CSC274b
Spring 2000
Ileana Streinu

1. Cinderella
2. Theory
3. Machine shop

1. Cinderella:
   • Trapezoidalization
     • Draw (in Cinderella) a polygon with 20 vertices or so, with a spiraled shape (and many reflex vertices which are cusps). Use the "pin down" feature to fix the vertices, so that they won't move.
     • Draw the horisontal lines induced by the line sweep on this polygon. Export to HTML to create an applet.
     • Copy the same polygon in another picture, and now clip the lines you create din the previous step, so that you get a trapezoidal decomposition. Export to HTML.
     • Copy the trapezoidal decomposition from the previous step in another picture, and add the diagonals produced by the algorithm for decomposition into monotone polygons. Export to HTML.
     • When done, put all the three applets/images in one HTML page and link it from your class web page, under the name of Trapezoidalization in Cinderella. Edit the HTML page with a few explanatory sentences describing what each image is about.
   • Monotone triangulation.
     • Draw in Cinderella a monotone polygon. Pin the vertices, so they won't move.
     • Draw the horisontal lines corresponding to the line sweep.
     • Draw the diagonals of the triangulation produced by the algorithm for monotone triangulation.
     • Make sure you have chosen a polygon which will illustrate all the cases encountered by the algorithm, and use different colors for the diagonals produced by the algorithm in each case.
     • Export to HTML, add some explanatory text and link from your calss web page under the name Monotone triangulation
   • Email me when you are done with this part.
2. Theory
   • Problems from the textbook.
     • p. 55, pbs. 5,6. Do the drawings in Cinderella and print them.
     • p. 68, pbs 6,7,8.
   • Let P be a polygon with r interior cusps. Prove or disprove:
     1. To decompose P into monotone polygons, r/2 diagonals are sometimes needed.

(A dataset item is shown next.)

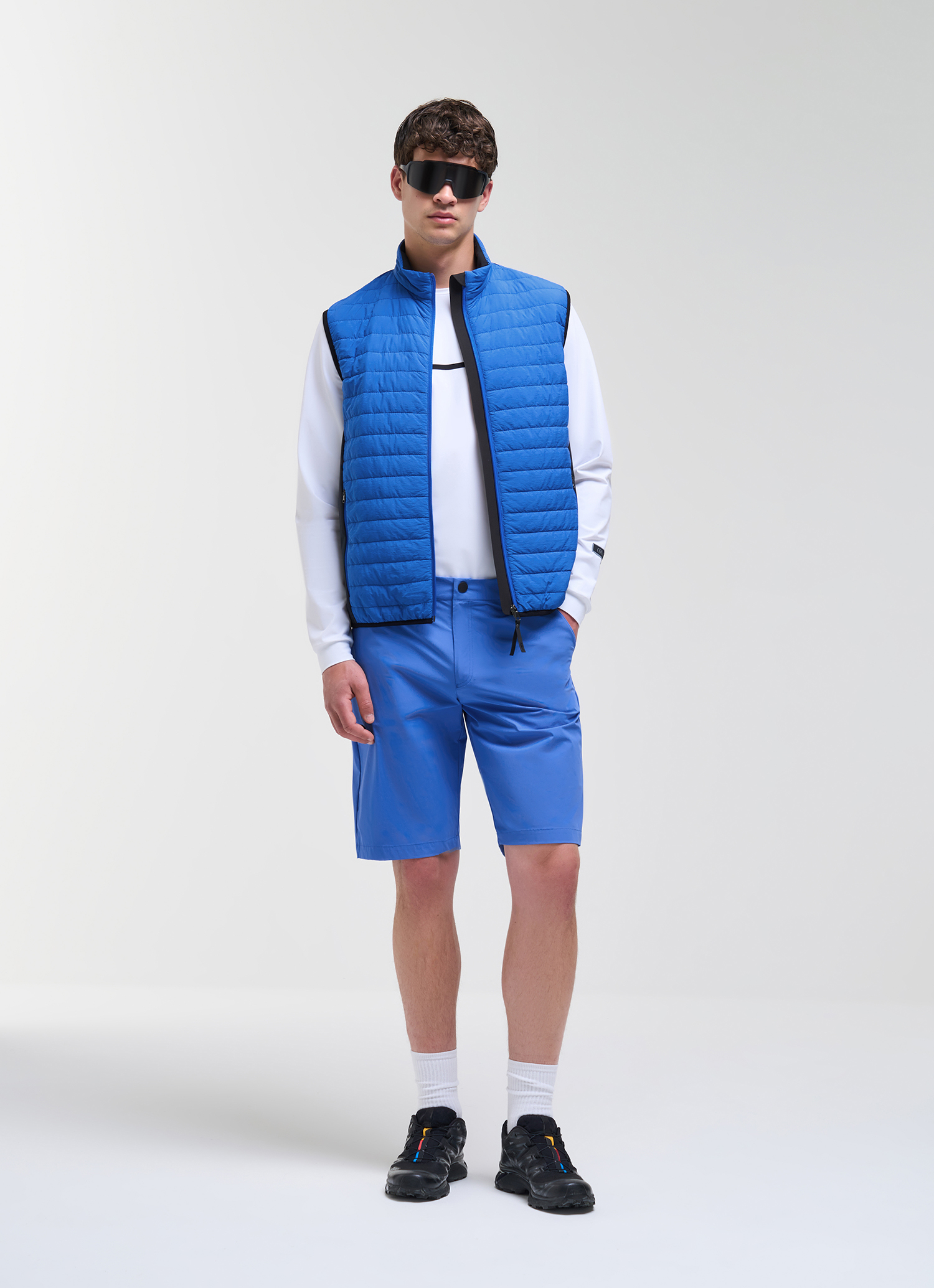 Colmar Leichte Active-weste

     2. To decompose P into a minimum number of monotone polygons, r diagonals always suffice.
     Everybody should do at least problems 7 and 8 on page 68, and at least one more. If you have difficulty with the others, then consider doing the last part of this homework, explained below.

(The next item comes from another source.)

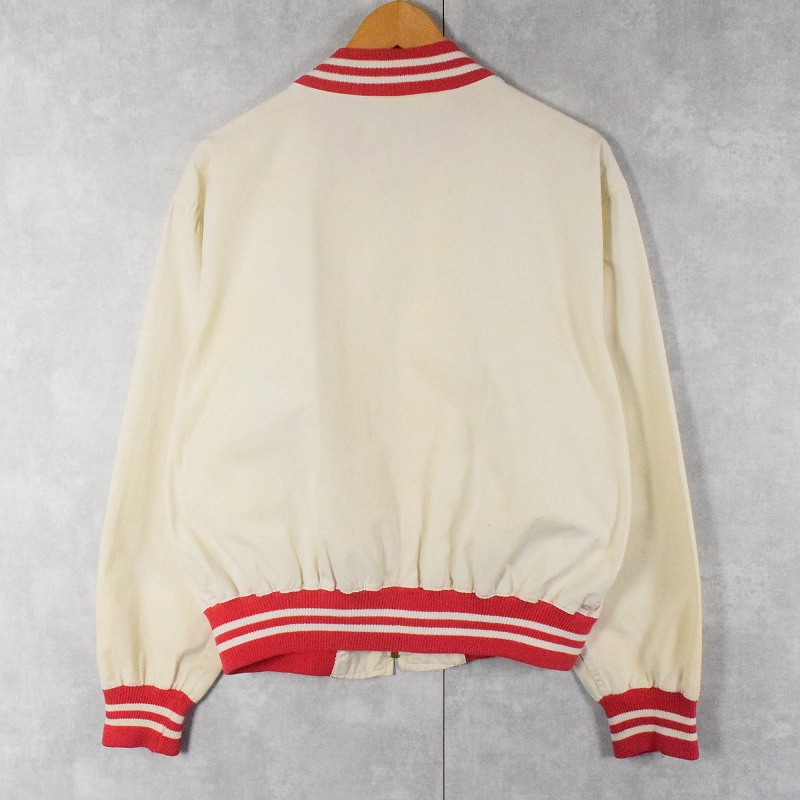 60s vintage champion スポーツジャケット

3. Machine shop (optional)
   • Construct a polygon from rigid bars (of various sizes), joined together at vertices in such a way that the edges rotate freely around the joints. At least two polygons, with 6 or more edges. Please synchronize with your other colleagues doing this part of the assignement, so that we get in the end polygons of different sizes (number of vertices).